[Exercise aim] Give back an exact copy of the lines in the records below, from the line that has "Een exclusief scheepsmodel" through the line that has "Seramai 50 anak", and nothing besides.

[Study material Boundary: Start]

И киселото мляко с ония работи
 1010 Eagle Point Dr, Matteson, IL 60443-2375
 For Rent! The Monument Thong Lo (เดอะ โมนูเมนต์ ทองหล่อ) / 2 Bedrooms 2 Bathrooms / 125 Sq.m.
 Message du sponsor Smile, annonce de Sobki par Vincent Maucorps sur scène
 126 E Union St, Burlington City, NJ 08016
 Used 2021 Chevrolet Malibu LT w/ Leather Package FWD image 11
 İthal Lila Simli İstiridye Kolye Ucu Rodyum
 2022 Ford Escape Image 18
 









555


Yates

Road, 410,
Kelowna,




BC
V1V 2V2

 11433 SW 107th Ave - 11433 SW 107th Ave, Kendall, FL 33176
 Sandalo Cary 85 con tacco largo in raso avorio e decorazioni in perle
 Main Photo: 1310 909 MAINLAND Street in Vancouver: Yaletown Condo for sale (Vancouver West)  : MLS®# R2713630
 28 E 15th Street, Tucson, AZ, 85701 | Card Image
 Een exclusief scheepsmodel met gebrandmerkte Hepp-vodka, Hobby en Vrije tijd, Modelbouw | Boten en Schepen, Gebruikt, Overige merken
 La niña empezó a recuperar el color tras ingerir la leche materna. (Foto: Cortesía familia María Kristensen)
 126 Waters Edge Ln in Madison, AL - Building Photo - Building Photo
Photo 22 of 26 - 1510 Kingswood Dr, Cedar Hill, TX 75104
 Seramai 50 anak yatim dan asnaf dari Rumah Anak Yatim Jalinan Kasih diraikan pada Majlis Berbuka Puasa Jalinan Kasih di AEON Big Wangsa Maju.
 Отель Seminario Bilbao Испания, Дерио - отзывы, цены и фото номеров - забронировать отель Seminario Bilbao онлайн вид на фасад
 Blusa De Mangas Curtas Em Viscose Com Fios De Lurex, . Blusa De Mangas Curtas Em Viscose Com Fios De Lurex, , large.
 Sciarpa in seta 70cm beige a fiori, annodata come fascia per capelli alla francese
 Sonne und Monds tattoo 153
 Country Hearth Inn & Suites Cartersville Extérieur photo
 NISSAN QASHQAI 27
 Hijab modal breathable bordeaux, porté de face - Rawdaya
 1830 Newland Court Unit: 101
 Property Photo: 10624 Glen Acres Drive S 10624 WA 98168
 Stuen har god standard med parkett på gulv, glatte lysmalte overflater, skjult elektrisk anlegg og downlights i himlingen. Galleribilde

[Study material Boundary: End]

[Problem solution]
 Een exclusief scheepsmodel met gebrandmerkte Hepp-vodka, Hobby en Vrije tijd, Modelbouw | Boten en Schepen, Gebruikt, Overige merken
 La niña empezó a recuperar el color tras ingerir la leche materna. (Foto: Cortesía familia María Kristensen)
 126 Waters Edge Ln in Madison, AL - Building Photo - Building Photo
Photo 22 of 26 - 1510 Kingswood Dr, Cedar Hill, TX 75104
 Seramai 50 anak yatim dan asnaf dari Rumah Anak Yatim Jalinan Kasih diraikan pada Majlis Berbuka Puasa Jalinan Kasih di AEON Big Wangsa Maju.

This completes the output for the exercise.